§ Activity: Each line below must be reproduced exactly as it stands. Pictures stay out of the copy.

§ Data provided:
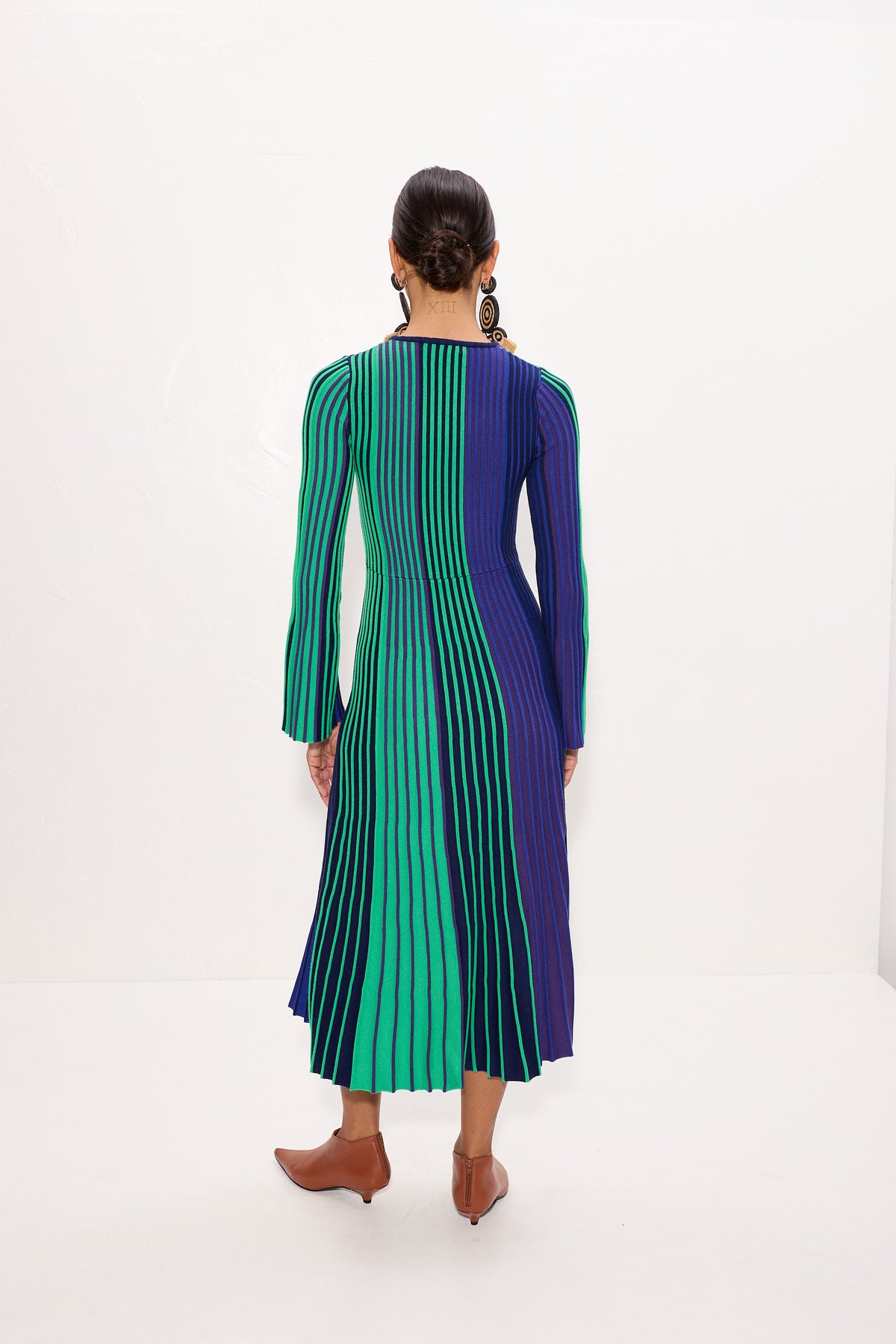 Celia Knit Dress In Cool Tone Rib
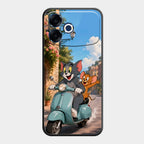Cartoon Scooter Adventure Premium Glass Phone Case for Oppo F33 Pro 5G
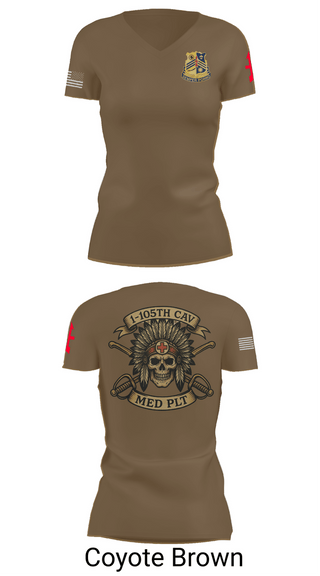 Womens Short Sleeve Vneck Shirt, 1-105th cavalry, Army, Teamtime, Team time, sublimation, custom sports apparel, team uniforms, spirit wear, spiritwear, sports uniforms, custom shirts, team store, custom team store, fundraiser sports, apparel fundraiser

§ Answer to this task:
 Celia Knit Dress In Cool Tone Rib
Cartoon Scooter Adventure Premium Glass Phone Case for Oppo F33 Pro 5G
 Womens Short Sleeve Vneck Shirt, 1-105th cavalry, Army, Teamtime, Team time, sublimation, custom sports apparel, team uniforms, spirit wear, spiritwear, sports uniforms, custom shirts, team store, custom team store, fundraiser sports, apparel fundraiser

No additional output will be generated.